I am using SP on my first big exterior job because of the 35 degree aplication. Is it really a poor product?


----------



## Romanski (May 4, 2008)

Super Paint Ext has been my bread and butter for a while. I really like the new formula too. Of coarse there are better products, but for the price the coverage and ease of application are fantastic.


----------



## Primer Guy (Apr 20, 2007)

Latex Extender is 1/2 the application cost of Floetrol. 2-4 oz per gallon and it doesn't leave a residue or effect the performance of the paint.


----------



## sage (Apr 29, 2007)

Spoke with a S/W paint rep. yesterday. He said they are reformulating Super Paint. He tried it out in Atlanta at S/W conference and that it seemed heavier, had better coverage. Didn't find out when it hits the shelves.
Sage


----------



## Romanski (May 4, 2008)

sage said:


> Spoke with a S/W paint rep. yesterday. He said they are reformulating Super Paint. He tried it out in Atlanta at S/W conference and that it seemed heavier, had better coverage. Didn't find out when it hits the shelves.
> Sage



Had it for about 5 months in Oregon.


----------



## Damon T (Nov 22, 2008)

For the person who wanted 35 degree paint, SW Resilience is great for exterior colder temps. Duration also sets up well in the cold, mainly use that for trim.


----------



## sage (Apr 29, 2007)

Romanski said:


> Had it for about 5 months in Oregon.


 
Are you using it and if so what do you think of the new formulation?
Sage


----------



## Romanski (May 4, 2008)

sage said:


> Are you using it and if so what do you think of the new formulation?
> Sage



Sorry for the late reply.

Yes I used it on 4 houses before the weather started turning for the worst. They say coverage was improved by 50% or so, and I believe it. Had myself questioning if I had already applied a 2nd coat on some of the windows (going from a color called "sawdust" to the trim color "black fox")

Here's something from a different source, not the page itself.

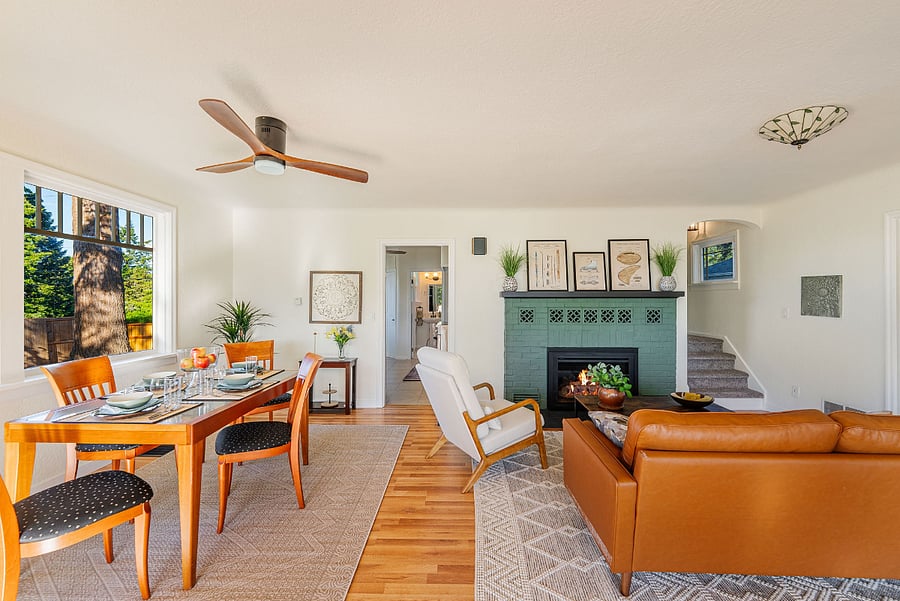 Great room with dining for six, comfortable couch and chair, with a state of the art gas fireplace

If you have used resilience from SW yet, you know it has a pretty distinct smell and texture to it. The new Super Paint has a texture and smell very similar to Resilience which was was released about 6 months prior to the new Super paint. I wouldn't be surprised if they added some of the same properties of Resilience to the new SP formula. Kind of like what they did with LT35. I'm going to go ahead and predict that all the SW paint with have the "moisture guard" technology label sooner or later.

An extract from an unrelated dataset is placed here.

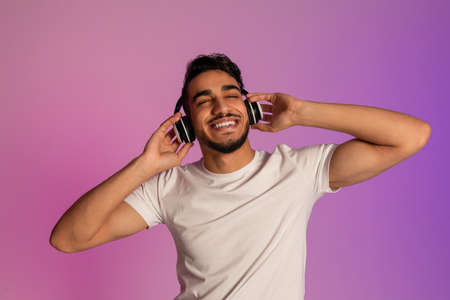 Peaceful young Arab guy listening to music in wireless headset, closing eyes and relaxing in neon lightの写真素材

And, they have the new A-100 formula. I don't use the stuff, but I'm going to go ahead and assume they did the same thing. That leaves Duration and Weatherclad *cough* to change.

I defiantly prefer the new SP to the old.:thumbup:


----------



## sage (Apr 29, 2007)

Thanks for the review Romanski.
Sage


----------



## Greener Painting (Dec 13, 2008)

sage said:


> Can anyone tell me why S/W has discontinued quarts in Super Paint?
> I have yet to get a rep who knows.
> They are also going to take Flotrol away too. They say it's being replaced with something called "Latex extender".
> Sage


I know in Seattle they still carry quarts


----------



## Joewho (Apr 17, 2007)

This might be a dumb question, but is S/W doing a price increase again this year? 

New formulas can either make good paint crappy, or justify a price increase.


----------



## thebritishpainter (Nov 2, 2008)

_Jibberish..._


----------



## Tonyg (Dec 9, 2007)

thebritishpainter said:


> _Jibberish..._


 
_WHAT?!?!?!_


----------



## vermontpainter (Dec 24, 2007)

Tonyg said:


> _WHAT?!?!?!_


Was that some sort of cryptic secret code or something? :blink:


----------



## Romanski (May 4, 2008)

Joewho said:


> This might be a dumb question, but is S/W doing a price increase again this year?
> 
> New formulas can either make good paint crappy, or justify a price increase.


New formula SP was out before the ~9% increase. At least where I'm at.

No word on another major one... But they usually don't disclose that kind of thing until 2 weeks before it happens.


----------



## nEighter (Nov 14, 2008)

Tonyg said:


> _WHAT?!?!?!_


----------



## ProWallGuy (Apr 7, 2007)

vermontpainter said:


> Was that some sort of cryptic secret code or something? :blink:


Yes, its forewarning of the DAY THE MOUSE ROARED!

The British are coming! The British are coming!

:laughing: :laughing: :laughing:


----------



## Tonyg (Dec 9, 2007)

nah...

:icon_eek: It's just a little rabbit :help:


----------